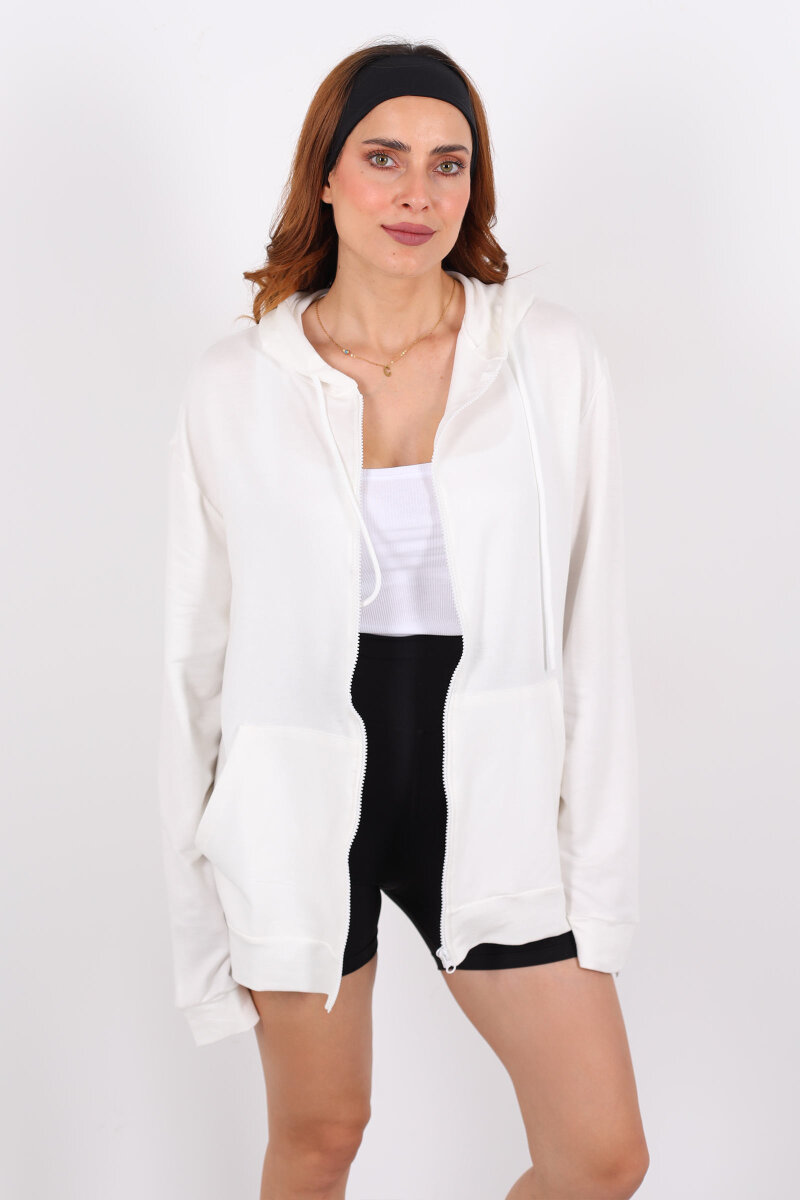 Fermuarlı Kapüşonlu Modal Beyaz Unisex Sweat - 7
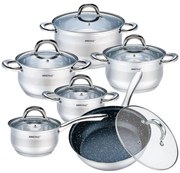 Srebrny Zestaw Garnków Ze Stali Nierdzewnej E5-G00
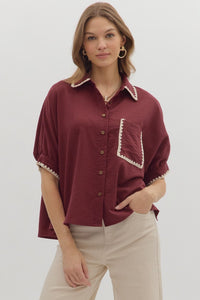 ENTRO Short Sleeve Dolman Top With Embroidered Trim In Burgundy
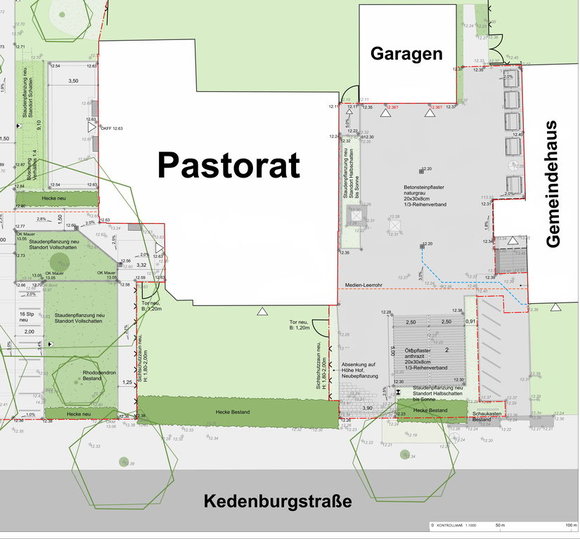 Grundriss der Außenanlage des Pastorats und Gemeindehauses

## What to work on
Could you output the listing word for word, omitting every picture?

## Finished exercise
 Fermuarlı Kapüşonlu Modal Beyaz Unisex Sweat - 7
 Srebrny Zestaw Garnków Ze Stali Nierdzewnej E5-G00
 ENTRO Short Sleeve Dolman Top With Embroidered Trim In Burgundy
 Grundriss der Außenanlage des Pastorats und Gemeindehauses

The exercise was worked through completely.